ਪਾਂਇ ਗਹੇ ਜਬ ਤੇ ਤੁਮਰੇ ਤਬ ਤੇ ਕੋਊ ਆਂਖ ਤਰੇ ਨਹੀ ਆਨਿਯੋ ॥ ਰਾਮ ਰਹੀਮ ਪੁਰਾਨ ਕੁਰਾਨ ਅਨੇਕ ਕਹੈਂ ਮਤਿ ਏਕ ਨ ਮਾਨਿਯੋ ॥
O God ! the day when I caught hold of your feet, I do not bring anyone else under my sight; none other is liked by me now; the Puranas and the Quran try to know Thee by the names of Ram and Rahim and talk about you through several stories, *but I do not accept any of their opinions;*

ਸਿੰਮ੍ਰਿਤਿ ਸਾਸਤ੍ਰ ਬੇਦ ਸਭੈ ਬਹੁ ਭੇਦ ਕਹੈ ਹਮ ਏਕ ਨ ਜਾਨਿਯੋ ॥ ਸ੍ਰੀ ਅਸਿਪਾਨਿ ਕ੍ਰਿਪਾ ਤੁਮਰੀ ਕਰਿ ਮੈ ਨ ਕਹਿਯੋ ਸਭ ਤੋਹਿ ਬਖਾਨਿਯੋ ॥੮੬੩॥
The Simritis, Shastras and Vedas describe several mysteries of yours, *but I do not agree with any of them*. O sword-wielder God! This all has been described by Thy Grace, what power can I have to write all this?.863.


----------



## ActsOfGod (Apr 3, 2014)

Harmanbajwa said:


> ...
> Yes our guru Granth sahib written everything for all this and it has also written the existence of all the hindu deities and then if it is written how can we say that are not worth worshipping , that was my whole point .



Just because I acknowledge that something exists, does not mean that I automatically pledge worship or allegiance to that.  The various Hindu gods and goddesses (Shiva, Brahma, Vishnu, Durga, Saraswati, Ganesh, etc.) may well have existed, but just by saying that they existed doesn't automatically make me their pujari or devotee.  I don't worship them.  Just like I don't worship the CEO of any major corporation, or any President, or any spiritual guru (those are a dime a dozen nowadays).  Sure, they exist.  Some of them even have varying levels of power.  But I won't find what I'm looking for with them.

Furthermore, you have demonstrated such ignorance with your statement above, I don't even know where to start.  You say, "how can we say that are not worth worshipping".  So, just because Lord Krishna exists/(existed), you want to worship him?  Really?  What about the the next god or goddess that is more powerful than Lord Krishna?  What about worshipping him or her?

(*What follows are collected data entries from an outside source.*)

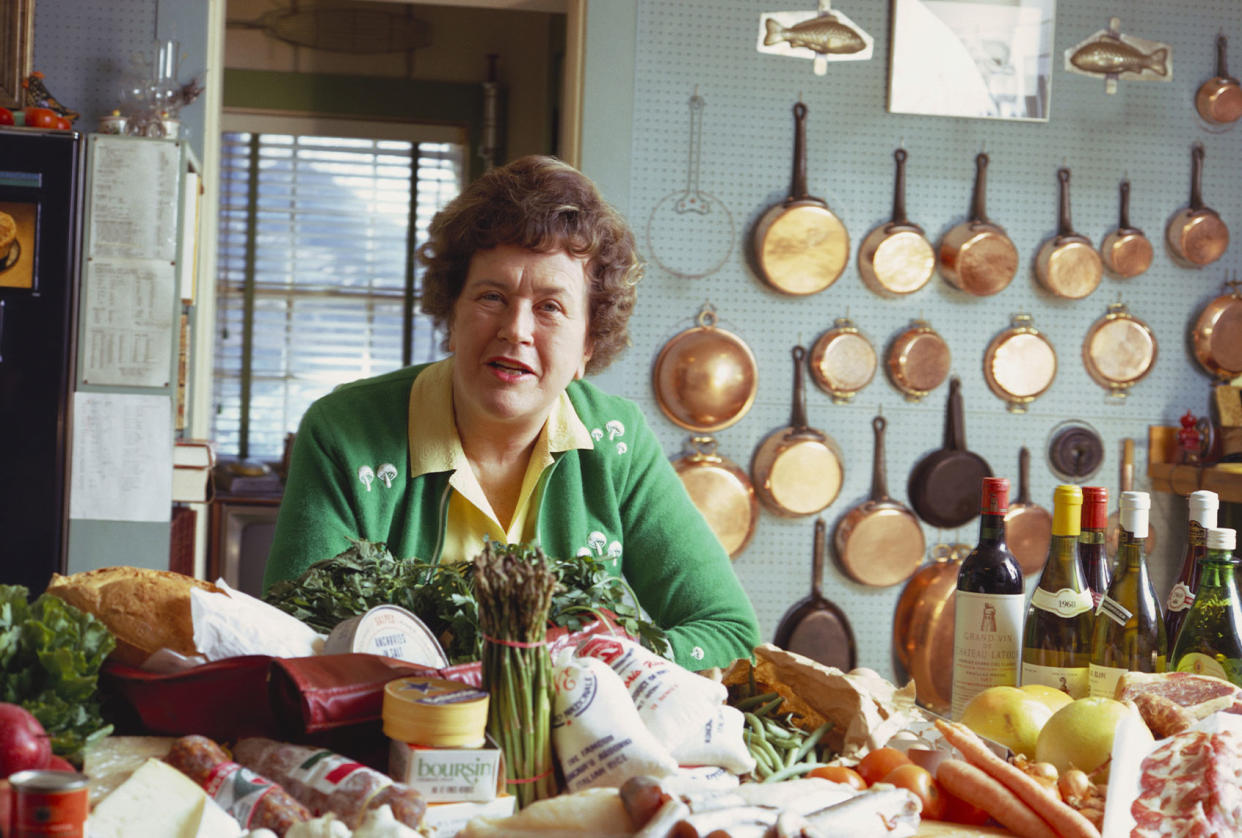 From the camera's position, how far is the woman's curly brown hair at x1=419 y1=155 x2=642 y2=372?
1.75 meters

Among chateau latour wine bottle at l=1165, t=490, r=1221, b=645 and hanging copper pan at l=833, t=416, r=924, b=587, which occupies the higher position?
chateau latour wine bottle at l=1165, t=490, r=1221, b=645

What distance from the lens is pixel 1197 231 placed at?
12.5 feet

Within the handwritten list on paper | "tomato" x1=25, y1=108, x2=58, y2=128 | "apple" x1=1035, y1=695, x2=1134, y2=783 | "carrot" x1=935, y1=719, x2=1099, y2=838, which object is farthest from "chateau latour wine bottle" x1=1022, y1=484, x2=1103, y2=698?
"tomato" x1=25, y1=108, x2=58, y2=128

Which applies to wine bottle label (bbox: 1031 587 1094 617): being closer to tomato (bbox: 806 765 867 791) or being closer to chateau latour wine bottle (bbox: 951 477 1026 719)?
chateau latour wine bottle (bbox: 951 477 1026 719)

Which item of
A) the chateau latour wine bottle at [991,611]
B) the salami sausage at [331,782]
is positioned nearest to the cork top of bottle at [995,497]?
the chateau latour wine bottle at [991,611]

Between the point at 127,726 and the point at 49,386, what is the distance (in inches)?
92.5

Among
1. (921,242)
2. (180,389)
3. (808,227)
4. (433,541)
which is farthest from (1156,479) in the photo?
(180,389)

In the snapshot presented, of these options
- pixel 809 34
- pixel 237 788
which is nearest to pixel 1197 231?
pixel 809 34

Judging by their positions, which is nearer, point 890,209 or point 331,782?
point 331,782

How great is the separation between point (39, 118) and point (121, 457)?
0.91m

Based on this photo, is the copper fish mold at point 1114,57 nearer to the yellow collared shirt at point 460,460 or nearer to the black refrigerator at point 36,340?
the yellow collared shirt at point 460,460

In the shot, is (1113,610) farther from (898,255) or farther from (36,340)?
(36,340)

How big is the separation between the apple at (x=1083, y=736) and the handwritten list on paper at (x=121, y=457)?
8.59ft

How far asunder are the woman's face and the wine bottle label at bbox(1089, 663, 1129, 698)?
2.83 ft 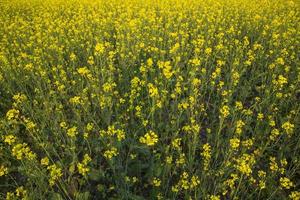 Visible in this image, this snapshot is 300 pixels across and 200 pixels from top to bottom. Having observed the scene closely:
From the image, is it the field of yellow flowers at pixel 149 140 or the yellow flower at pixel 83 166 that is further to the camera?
the field of yellow flowers at pixel 149 140

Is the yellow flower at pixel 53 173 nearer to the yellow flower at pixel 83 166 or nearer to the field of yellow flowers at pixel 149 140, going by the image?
the field of yellow flowers at pixel 149 140

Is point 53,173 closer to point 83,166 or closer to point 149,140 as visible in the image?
point 83,166

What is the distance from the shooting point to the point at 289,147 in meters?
3.42

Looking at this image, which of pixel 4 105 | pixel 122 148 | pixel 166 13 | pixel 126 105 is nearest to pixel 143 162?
pixel 122 148

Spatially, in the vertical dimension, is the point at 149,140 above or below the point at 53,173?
above

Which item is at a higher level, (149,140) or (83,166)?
(149,140)

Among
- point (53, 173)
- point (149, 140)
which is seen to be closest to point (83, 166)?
point (53, 173)

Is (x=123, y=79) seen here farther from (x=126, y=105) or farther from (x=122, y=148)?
(x=122, y=148)

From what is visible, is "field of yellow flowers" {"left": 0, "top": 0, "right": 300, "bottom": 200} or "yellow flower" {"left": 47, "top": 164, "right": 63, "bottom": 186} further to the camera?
"field of yellow flowers" {"left": 0, "top": 0, "right": 300, "bottom": 200}

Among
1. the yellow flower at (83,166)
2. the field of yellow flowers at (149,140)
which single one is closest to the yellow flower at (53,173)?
the field of yellow flowers at (149,140)

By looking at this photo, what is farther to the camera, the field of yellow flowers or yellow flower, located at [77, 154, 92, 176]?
the field of yellow flowers

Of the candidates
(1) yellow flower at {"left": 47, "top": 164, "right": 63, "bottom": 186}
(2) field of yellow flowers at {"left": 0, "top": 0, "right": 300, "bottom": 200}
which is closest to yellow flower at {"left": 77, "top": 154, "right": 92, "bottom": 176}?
(2) field of yellow flowers at {"left": 0, "top": 0, "right": 300, "bottom": 200}

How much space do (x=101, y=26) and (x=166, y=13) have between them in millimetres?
2149

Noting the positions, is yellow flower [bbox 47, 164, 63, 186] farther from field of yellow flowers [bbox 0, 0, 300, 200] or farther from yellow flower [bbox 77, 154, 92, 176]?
yellow flower [bbox 77, 154, 92, 176]
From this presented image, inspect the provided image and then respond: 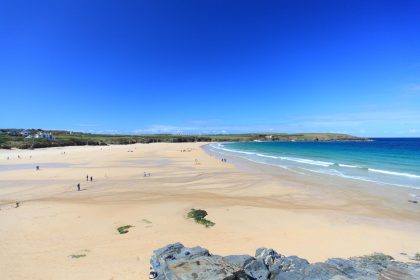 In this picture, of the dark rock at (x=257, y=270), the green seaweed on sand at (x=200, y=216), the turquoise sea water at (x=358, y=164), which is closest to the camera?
the dark rock at (x=257, y=270)

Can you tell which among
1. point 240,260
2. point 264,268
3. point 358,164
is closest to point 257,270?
point 264,268

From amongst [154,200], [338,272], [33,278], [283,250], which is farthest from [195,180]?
[338,272]

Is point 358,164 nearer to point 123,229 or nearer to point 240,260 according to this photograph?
point 123,229

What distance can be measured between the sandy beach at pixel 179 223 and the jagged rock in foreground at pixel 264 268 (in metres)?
2.07

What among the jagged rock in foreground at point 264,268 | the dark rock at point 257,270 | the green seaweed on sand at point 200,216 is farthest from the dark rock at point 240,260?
the green seaweed on sand at point 200,216

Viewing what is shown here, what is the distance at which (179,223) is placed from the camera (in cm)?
1452

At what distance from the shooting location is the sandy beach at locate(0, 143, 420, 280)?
34.3 ft

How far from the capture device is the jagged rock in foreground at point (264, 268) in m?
6.48

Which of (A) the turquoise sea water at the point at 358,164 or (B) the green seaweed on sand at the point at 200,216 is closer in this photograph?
(B) the green seaweed on sand at the point at 200,216

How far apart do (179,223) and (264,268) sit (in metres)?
7.58

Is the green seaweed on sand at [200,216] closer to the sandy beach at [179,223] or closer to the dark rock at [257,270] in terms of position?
the sandy beach at [179,223]

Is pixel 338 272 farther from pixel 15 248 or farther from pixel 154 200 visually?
pixel 154 200

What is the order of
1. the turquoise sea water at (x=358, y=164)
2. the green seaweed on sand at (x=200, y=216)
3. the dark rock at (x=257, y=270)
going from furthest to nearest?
the turquoise sea water at (x=358, y=164) → the green seaweed on sand at (x=200, y=216) → the dark rock at (x=257, y=270)

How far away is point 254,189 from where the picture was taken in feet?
79.7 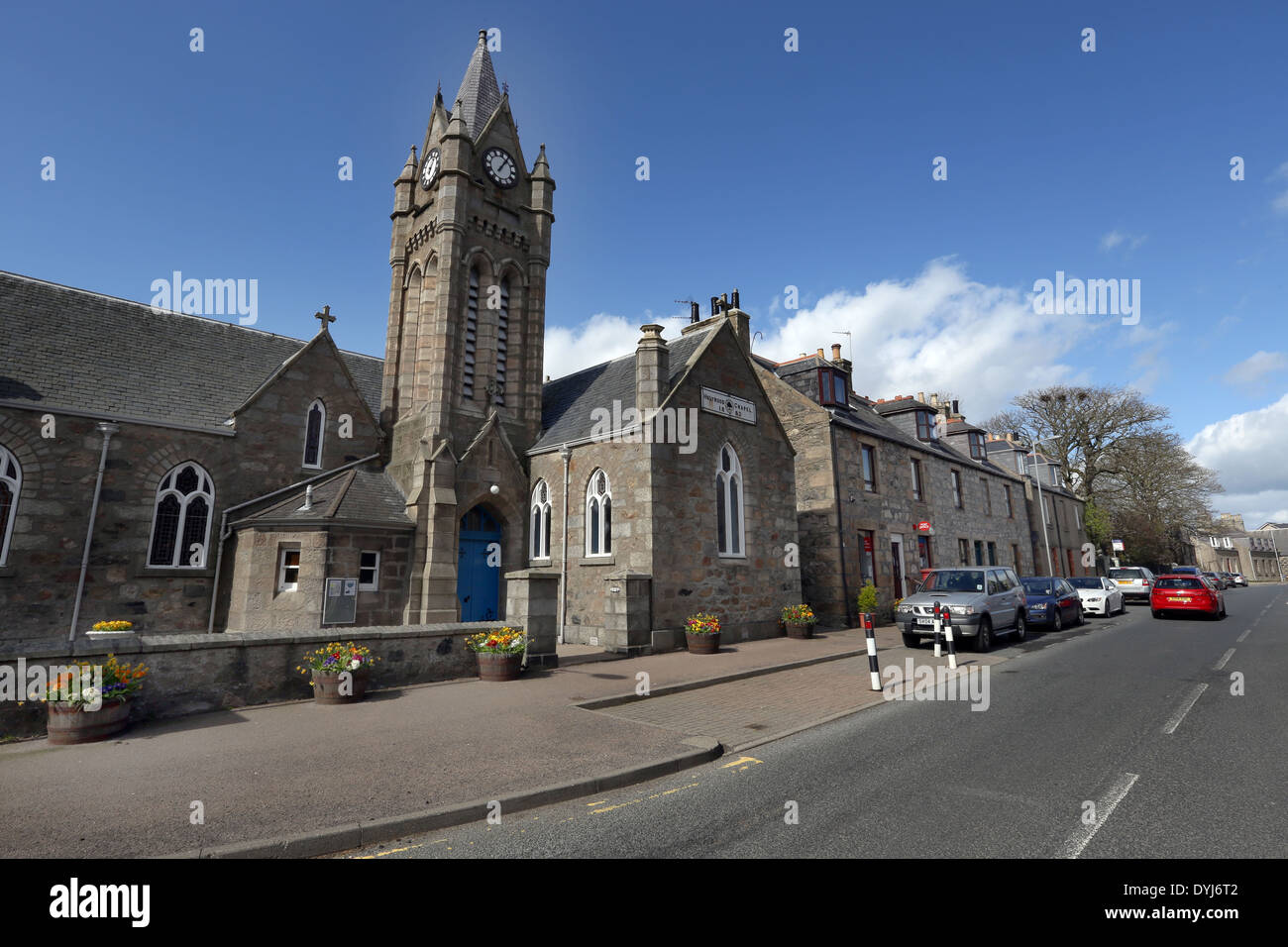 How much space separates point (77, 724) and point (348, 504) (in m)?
9.27

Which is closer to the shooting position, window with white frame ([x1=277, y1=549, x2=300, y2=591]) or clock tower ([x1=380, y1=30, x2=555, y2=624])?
window with white frame ([x1=277, y1=549, x2=300, y2=591])

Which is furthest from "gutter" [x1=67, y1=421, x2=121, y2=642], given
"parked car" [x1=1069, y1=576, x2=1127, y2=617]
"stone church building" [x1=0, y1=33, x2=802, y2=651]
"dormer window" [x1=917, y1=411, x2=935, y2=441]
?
"parked car" [x1=1069, y1=576, x2=1127, y2=617]

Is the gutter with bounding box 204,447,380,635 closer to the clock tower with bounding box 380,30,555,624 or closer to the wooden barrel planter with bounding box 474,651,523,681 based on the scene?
the clock tower with bounding box 380,30,555,624

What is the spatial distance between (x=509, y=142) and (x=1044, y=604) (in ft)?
73.6

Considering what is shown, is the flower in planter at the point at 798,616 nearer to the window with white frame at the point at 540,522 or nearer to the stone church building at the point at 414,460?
the stone church building at the point at 414,460

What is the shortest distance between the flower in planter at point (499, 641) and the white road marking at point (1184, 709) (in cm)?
928

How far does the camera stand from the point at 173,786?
18.4 feet

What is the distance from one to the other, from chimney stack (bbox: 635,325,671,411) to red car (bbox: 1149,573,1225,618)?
2021cm

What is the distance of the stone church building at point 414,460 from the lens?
577 inches

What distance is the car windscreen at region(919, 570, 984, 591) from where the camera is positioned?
1516 centimetres

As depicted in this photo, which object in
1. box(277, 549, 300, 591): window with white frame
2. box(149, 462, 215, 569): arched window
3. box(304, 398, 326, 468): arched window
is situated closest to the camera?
box(277, 549, 300, 591): window with white frame

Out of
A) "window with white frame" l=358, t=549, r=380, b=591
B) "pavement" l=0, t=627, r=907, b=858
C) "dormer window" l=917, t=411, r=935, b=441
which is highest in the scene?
"dormer window" l=917, t=411, r=935, b=441

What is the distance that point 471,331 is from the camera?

For the sake of argument, let's just go up the chain of command, all the way to the top.  Who is more powerful than everything and everyone else?  Who is the ultimate authority?  Who answers to no-one?  Well, the ONLY being that occupies that exalted position is Akal Purakh.  So why, why, why, why, why would you give allegiance to a god several rungs lower on the chain of command?  ESPECIALLY when you have been blessed with Sikhi which gives you ultimate VIP privileges from day 1?  Why do you continue to denigrate yourself?




Harmanbajwa said:


> Its nothing between whether we are hindus or not because if we go by that then surely we can also start talking about our fore fathers because any how we are their descendants isn't it ???.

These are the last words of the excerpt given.